Per questo ogni mattina dobbiamo anche riscegliere di accogliere la vita degli altri come una parabola rivolta a noi e che ci richiama a percorrere generosamente un altro pezzo di strada nel cammino di conversione, che non si esaurisce mai in un semplice processo di perfezione personale, ma comporta sempre una crescente accoglienza reciproca. Siamo noi, indubbiamente, che stiamo crescendo «spontaneamente» e in modo armonico, tanto da produrre prima «lo stelo, poi la spiga, poi il chicco pieno nella spiga» (4,28). Il Signore apre il nostro cuore alla meraviglia dandoci la possibilità di guardare a noi stessi con stupore e gratitudine, come una madre che contempla il crescere sereno del proprio figlio; come l’agricoltore che ogni mattina ammira il rigoglioso progresso dei suoi semi ormai diventati piante; l’allevatore che vede incrementarsi il suo gregge con cui condivide i giorni e le notti nelle solitudini e nelle fatiche. Il Signore apre anche i nostri occhi perché siano capaci di rendersi conto anche del cammino degli altri, che a loro volta e forse in un modo diverso dal nostro, ma non meno bello e meno vero, sono a loro volta in crescita.
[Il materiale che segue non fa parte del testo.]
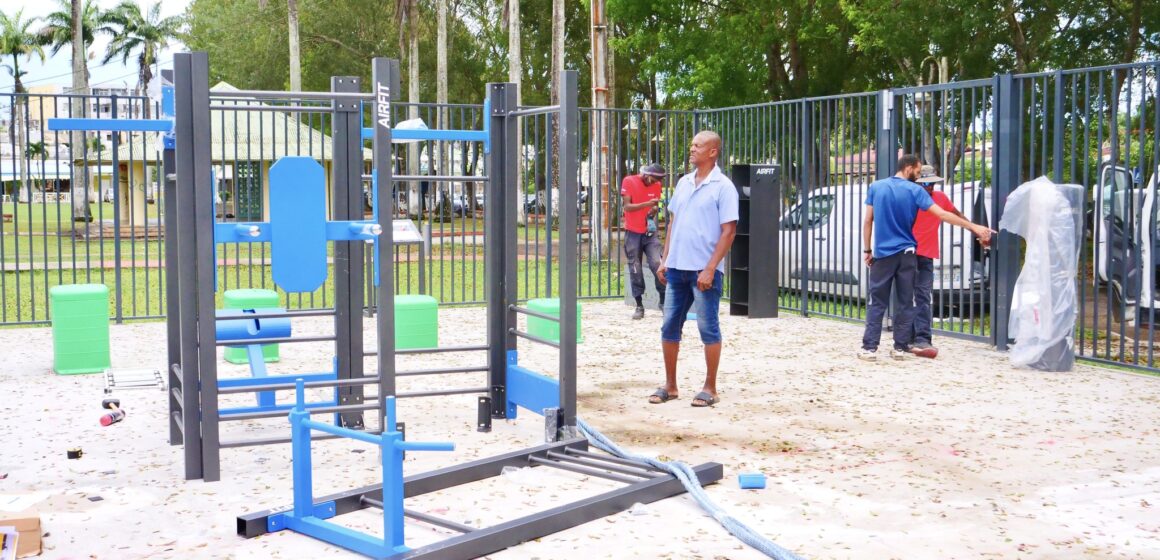 La commune de Lamentin s’équipe d’une aire de fitness extérieure implantée dans le bourg, au parc de la verdure. Photo : Ville Lamentin Guadeloupe La commune de Lamentin s’équipe d’une aire de fitness extérieure implantée dans le bourg, au parc de la verdure. Photo : Ville Lamentin Guadeloupe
L’apostolo Paolo sembra riassumere tutto questo in una sola intensa parola:
«sempre pieni di fiducia» (2Cor 5,6).
Nel contesto della seconda lettura, questa fiducia riguarda il desiderio di «abitare presso il Signore» (5,8). Ma il nostro cammino verso l’eternità è scandito dai gradi di crescita nel tempo del nostro «esilio» (5,6), che diventa l’ambito più adeguato della nostra maturazione, per essere capaci di ricevere la «ricompensa» (5,10). Essa non sarà una sorta di premio o di risarcimento, bensì la comprensione finale e luminosa di tutte le «parabole» (Mc 4,33) non spiegate perché interamente e appassionatamente vissute. È meraviglioso vedere come e quanto il Signore Gesù conosca bene la nostra terra… il modo di seminare e di piantare per talea o per seminagione. Siamo responsabili della nostra crescita come della crescita degli altri e dobbiamo portare nel cuore la certezza che possiamo anche impedirla come si può bloccare la crescita di un prato calpestandolo: fiducia e rispetto sono inseparabili e necessari.